Rapidement, une conclusion s’impose : il lui faut désormais restituer les dindons à l’administration. Les échanges se font dès lors de plus en plus laconiques et ubuesques. Le 9 juin, Tardieu renchérit : « J’ai l’honneur de vous faire savoir que les dindons (…) n’ont plus de paddy depuis hier. En conséquence, vous voudrez bien, conformément à vos désirs exprimés dans la lettre no I644-C du 27 Mai 1927, de M. le Recteur d’Académie, Directeur Général de l’Instruction Publique, – les faire prendre au plus tôt par les services compétents. Je considère qu’il est inutile dans ces conditions de renouveler notre provision de paddy ». L’heure est grave : sans nourriture, comment garantir la survie des volatiles ? Dès le lendemain, un billet signé par le Chef du 3e bureau est transmis à Tardieu : « Veuillez livrer au porteur de la présente les dindons qui ont fait l’objet de vos lettres nos 270-D et 282-D des 23 Mai et 9 Juin. »
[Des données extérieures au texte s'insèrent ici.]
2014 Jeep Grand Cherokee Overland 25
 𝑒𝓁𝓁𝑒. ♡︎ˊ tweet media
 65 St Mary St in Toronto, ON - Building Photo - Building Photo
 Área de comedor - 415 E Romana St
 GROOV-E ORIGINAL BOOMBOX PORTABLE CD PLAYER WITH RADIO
C’en est fini des dindons de l’école des beaux-arts de Hanoï, mais ainsi seront-ils saufs. Si le fond paraît futile, ridicule en est d’autant plus le ton administratif de ces courriers, où l’on comprend sans peine que l’affaire des dindons ne fait que cristalliser les différends qui illustrent les relations entretenues par Tardieu avec son administration. Porté par des convictions politiques et humanistes, celui-ci tient à garder son indépendance dans la gestion de son établissement et s’accommode parfois mal des impératifs de l’administration coloniale.

« Les dindons de Thalamas » dans le Charivari

Le quotidien satirique illustré Le Charivari  relate en février 1928 l’affaire des dindons. L’histoire semble n’être qu’un prétexte à charge contre Thalamas, s’inscrivant dans la défiance dont il est l’objet depuis la dite « Affaire Thalamas ».
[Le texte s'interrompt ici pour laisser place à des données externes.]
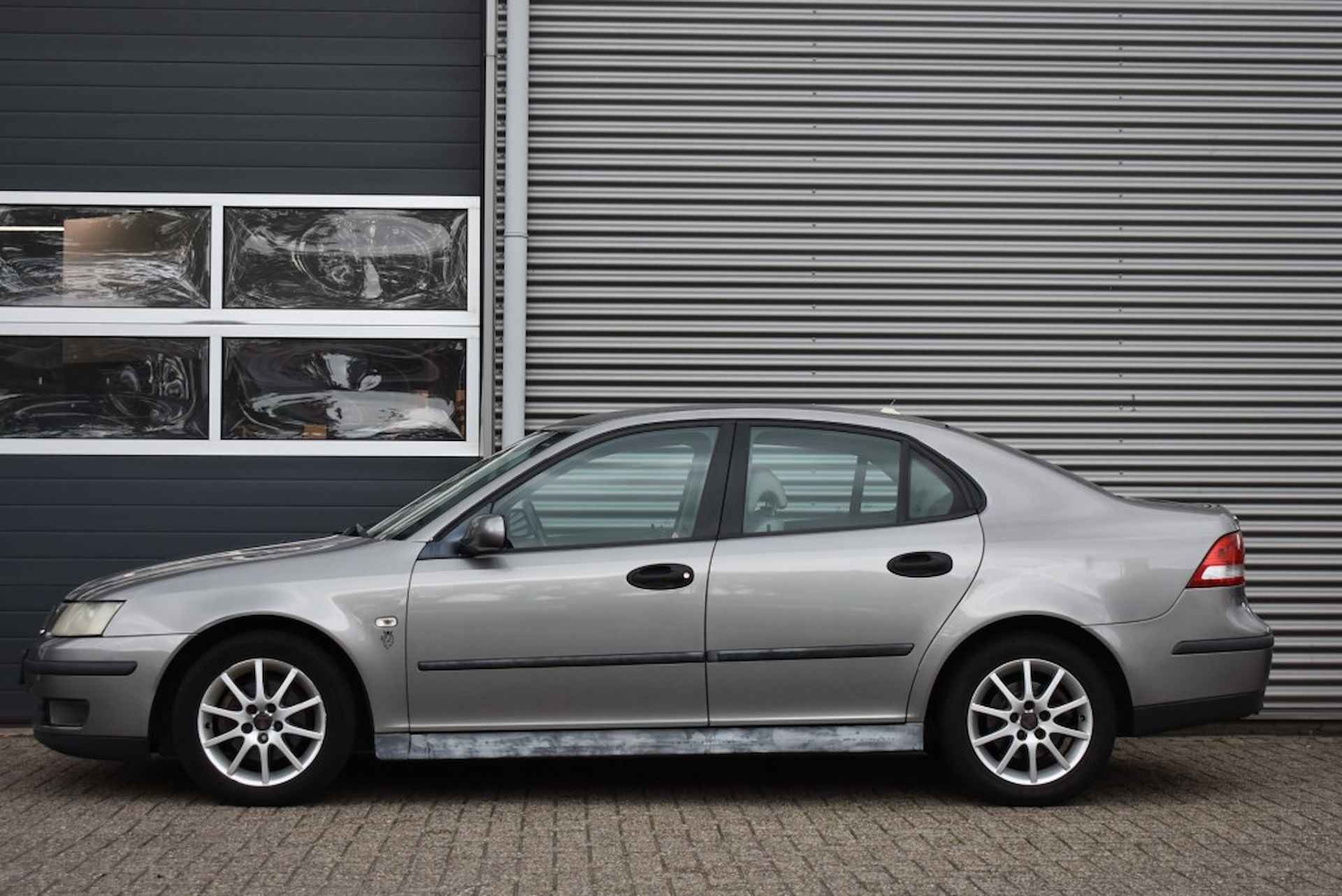 SAAB 9-3 2.0T VECTOR / AIRCO / GOED ONDERHOUDEN - 2/25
« Les Dindons de Thalamas ». Le Charivari, n° 85. 11 février 1928. Archives 125/9/1/4/2. Cliché INHA.
« Les Dindons de Thalamas », Le Charivari, no 85, 11 février 1928. Archives 125/9/1/4/2. Cliché INHA.

 

La relation de l’incident dans l’article apparaît quelque peu faussée et dépeint l’affaire avec une exagération comique. « [Thalamas] voulut traduire le directeur de l’École, qui a le tort de ne pas être franc-maçon, devant un Conseil de discipline, sous l’inculpation de malversation ! ». Quant aux dindons, le Charivari contribue au mythe selon lequel ils auraient subi un funeste sort : « [Monsieur Tardieu] en mangea un et fit don de l’autre à un parent ».
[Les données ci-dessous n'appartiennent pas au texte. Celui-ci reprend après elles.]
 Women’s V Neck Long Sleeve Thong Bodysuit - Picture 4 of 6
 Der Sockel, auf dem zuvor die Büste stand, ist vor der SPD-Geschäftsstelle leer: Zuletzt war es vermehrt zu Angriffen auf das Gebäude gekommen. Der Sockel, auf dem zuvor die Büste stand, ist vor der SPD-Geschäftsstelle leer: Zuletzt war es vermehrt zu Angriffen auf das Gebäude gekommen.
Au-delà de l’histoire amusante, c’est bien tout le système des écoles d’art dans les colonies qui est illustré par ce qui n’est finalement qu’un fait divers dont l’absurdité est poussée à son paroxysme par ses protagonistes : l’administration coloniale et la transposition des règles de droit dans un milieu qui pourrait avoir la tentation de s’en dispenser, et la tension qui en résulte entre les réalités locales et les impératifs administratifs.

En dépit de son tempérament sans concession et des relations parfois houleuses entretenues avec sa tutelle et l’administration coloniale, Tardieu dirigera l’école des beaux-arts de Hanoï jusqu’en 1936, avant de s’éteindre l’année suivante.